Problem to work on: Look through the listing below for the line with "Custom Beer Cheer" and the line with "Brown/Cream Crew Neck". Copy both, along with every line between them, exactly and with no pictures.

── Material provided

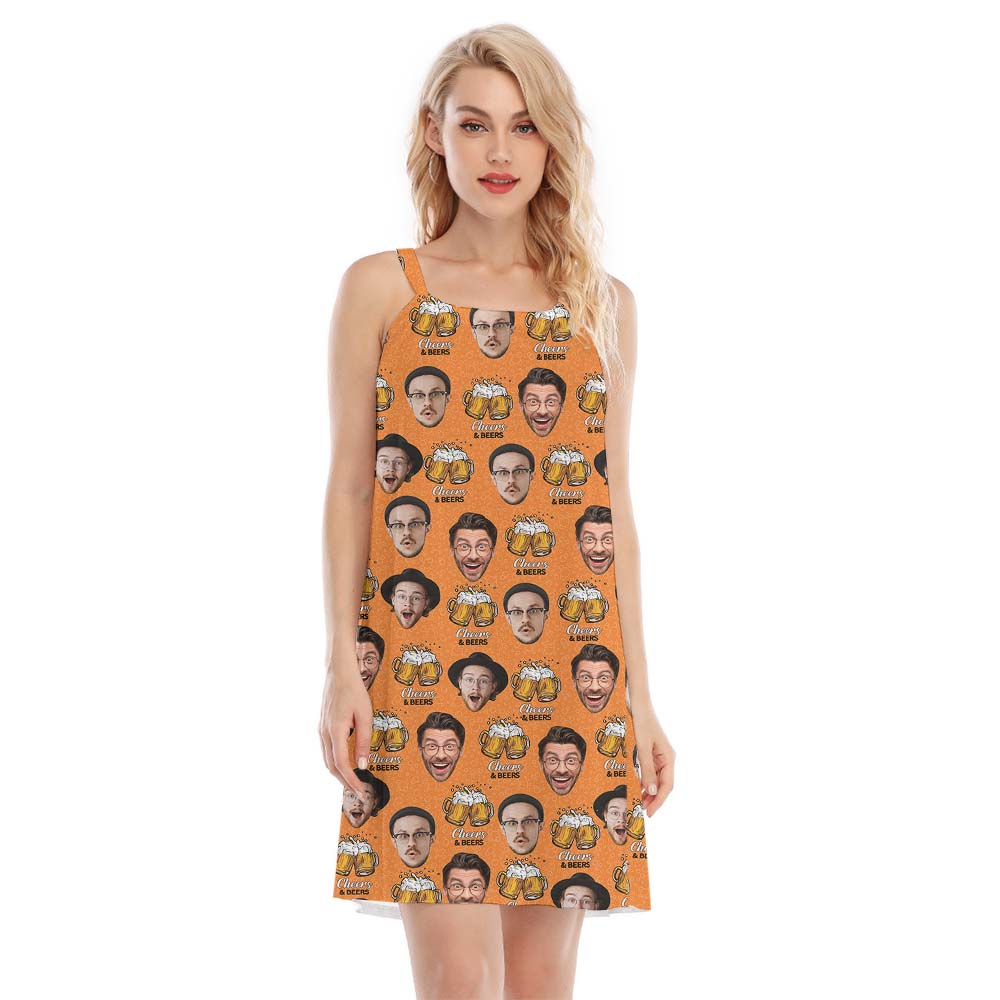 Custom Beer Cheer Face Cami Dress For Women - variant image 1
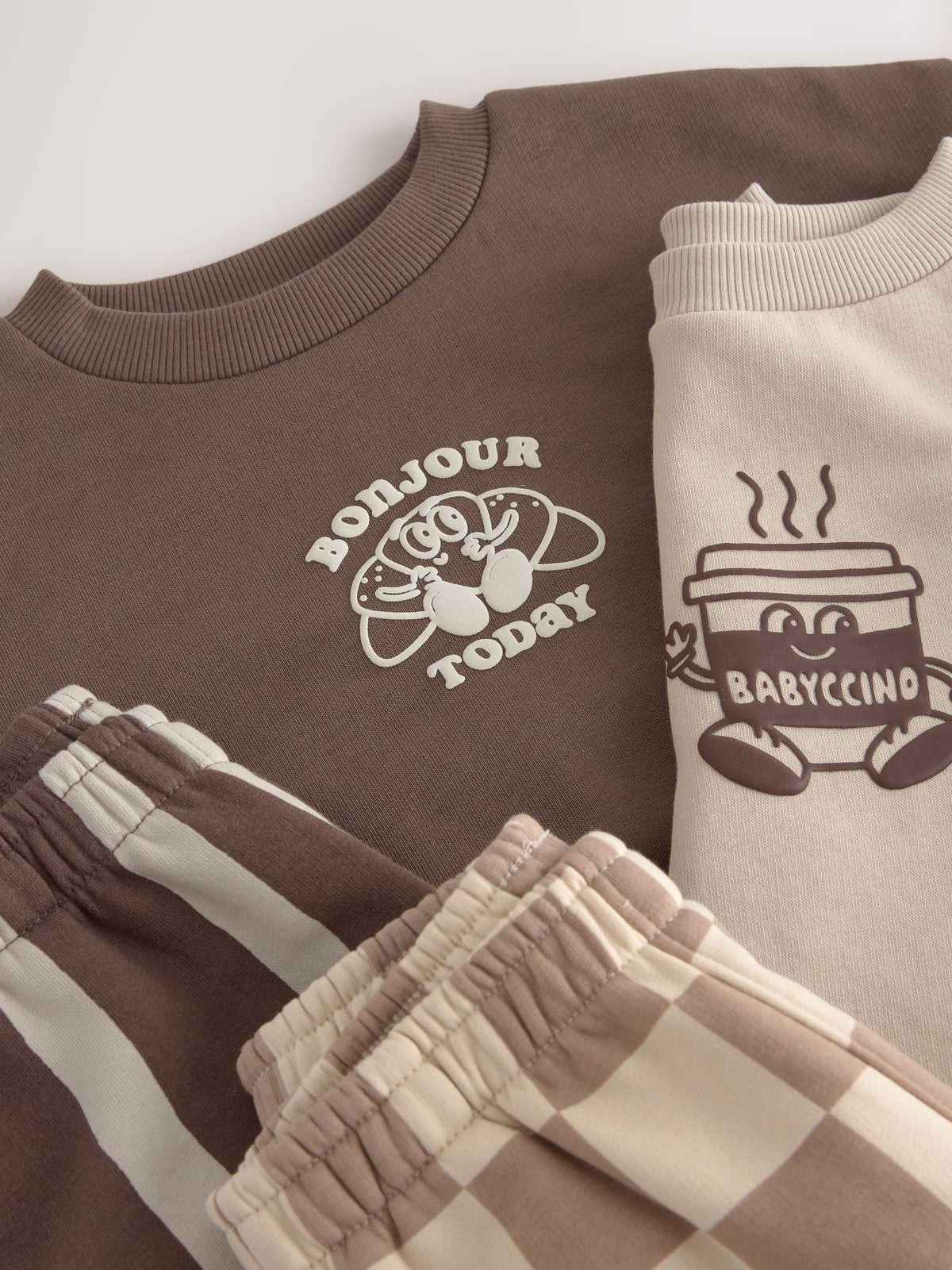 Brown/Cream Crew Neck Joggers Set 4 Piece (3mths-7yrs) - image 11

────
── Material provided

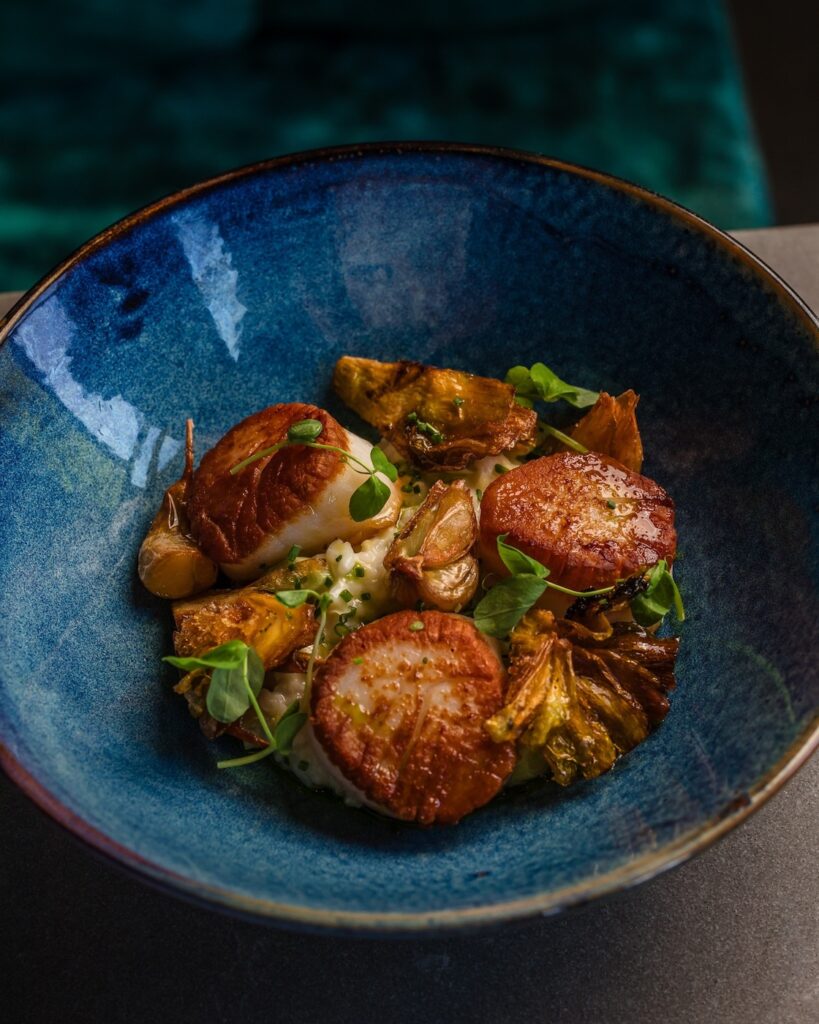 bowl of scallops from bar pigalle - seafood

────
── Material provided

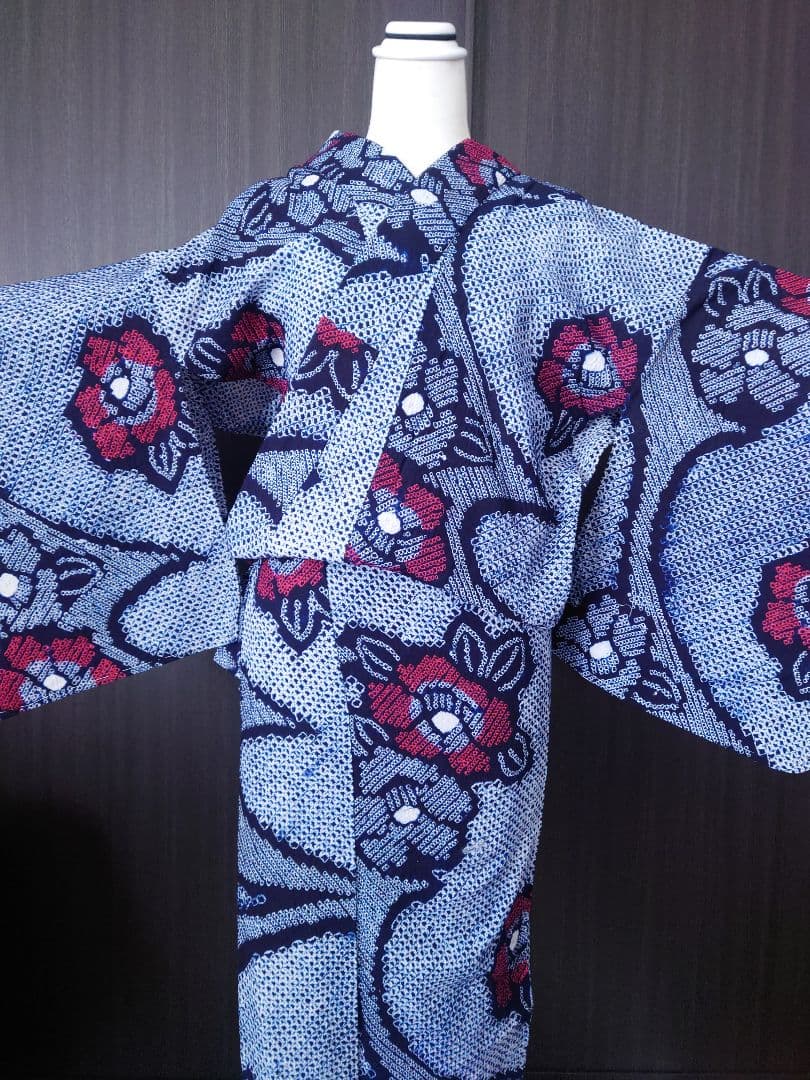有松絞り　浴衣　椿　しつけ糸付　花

────

Task solution:
 Custom Beer Cheer Face Cami Dress For Women - variant image 1
 Brown/Cream Crew Neck Joggers Set 4 Piece (3mths-7yrs) - image 11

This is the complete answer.